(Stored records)
######
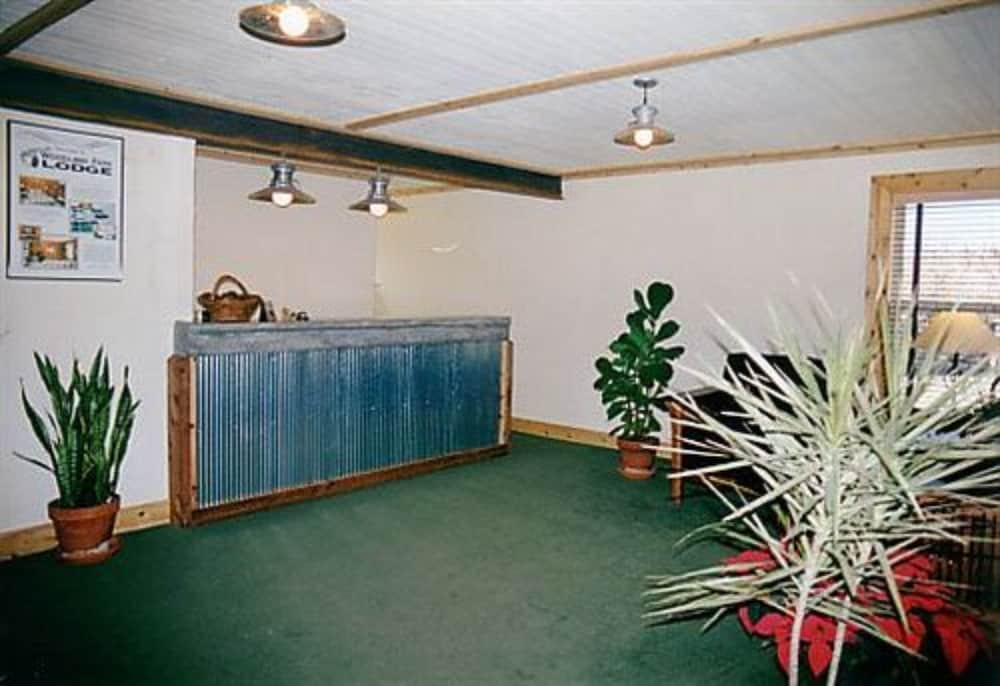 Eagle Fire Lodge Cabins 12/75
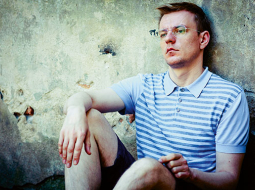 «Ilgu laiku bija sajūta, ka es dzīvoju bez saknēm. Bija liels jautājums — kas es esmu? Droši vien joprojām nav skaidrības.»
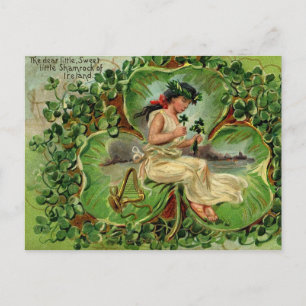 Carte Postale Fille avec harpe et shamrocks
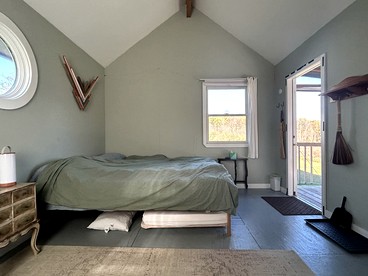Cozy Eco-Glamping Cabin near Ann Arbor for Yoga and Swimming - Manchester, Michigan - glamping.directory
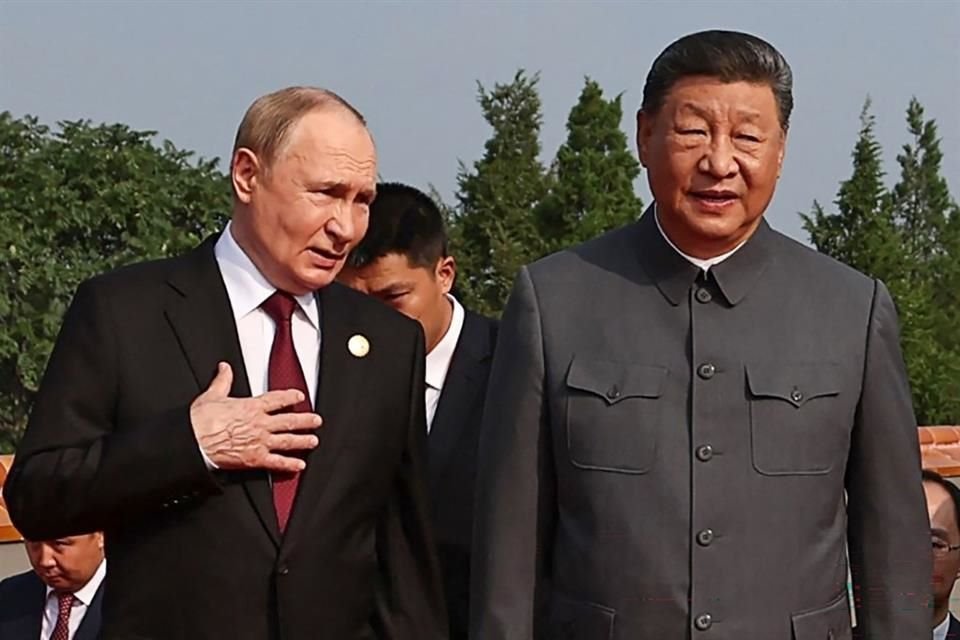 El Presidente de Rusia, Vladimir Putin, y el de China, Xi Jinping, hablan en Beijing.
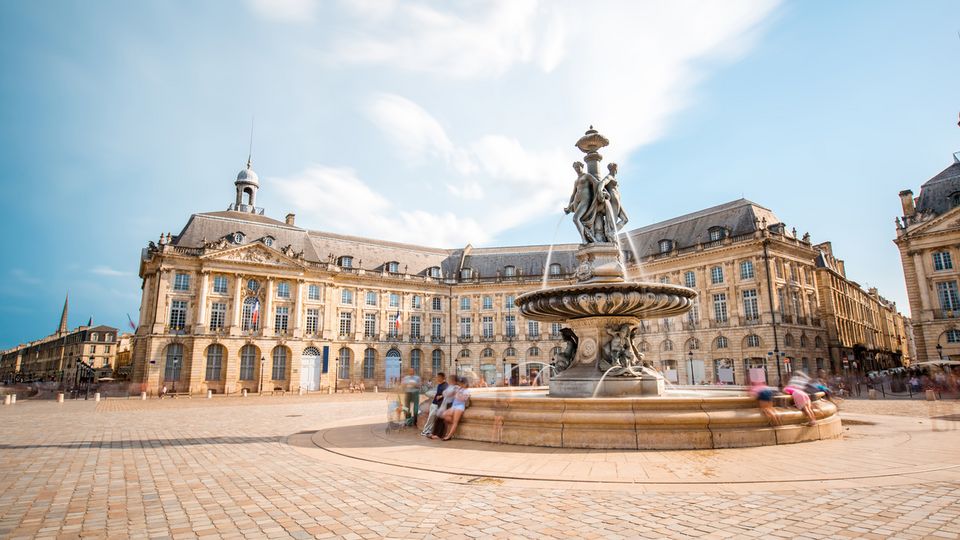 La Bourse Platz in Bordeaux ©rh2010, Adobe Stock La Bourse Platz in Bordeaux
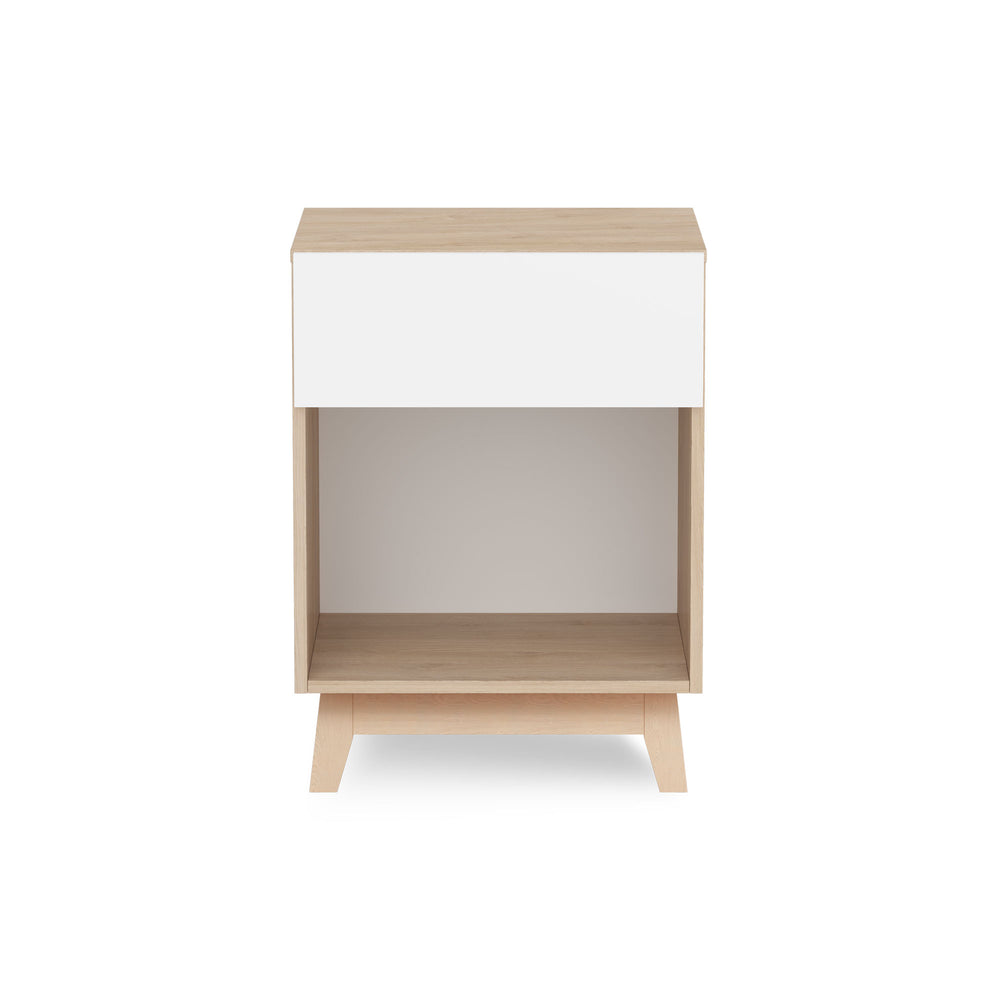Tommi Bedside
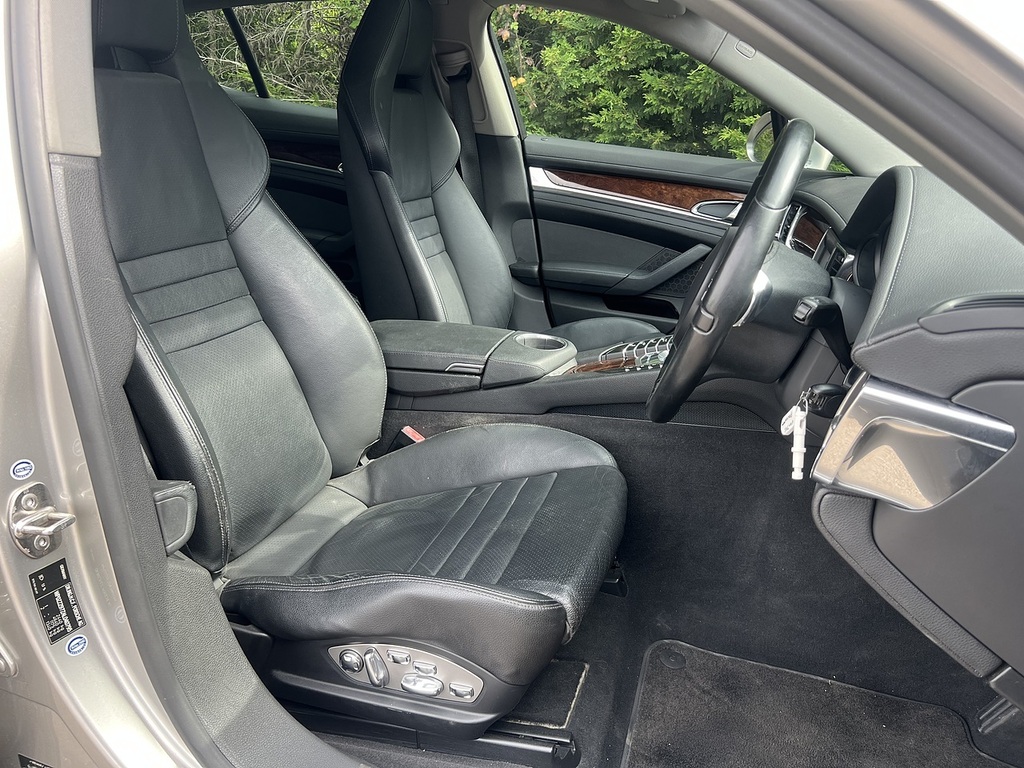 Porsche Panamera Hatchback 4.8 Silver #17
######
### TASK DESCRIPTION
Your output is the lines from the top of the entries through the line containing "El Presidente de", exactly as they stand. No pictures belong in it.

### ANSWER SPACE
 Eagle Fire Lodge Cabins 12/75
 «Ilgu laiku bija sajūta, ka es dzīvoju bez saknēm. Bija liels jautājums — kas es esmu? Droši vien joprojām nav skaidrības.»
 Carte Postale Fille avec harpe et shamrocks
Cozy Eco-Glamping Cabin near Ann Arbor for Yoga and Swimming - Manchester, Michigan - glamping.directory
 El Presidente de Rusia, Vladimir Putin, y el de China, Xi Jinping, hablan en Beijing.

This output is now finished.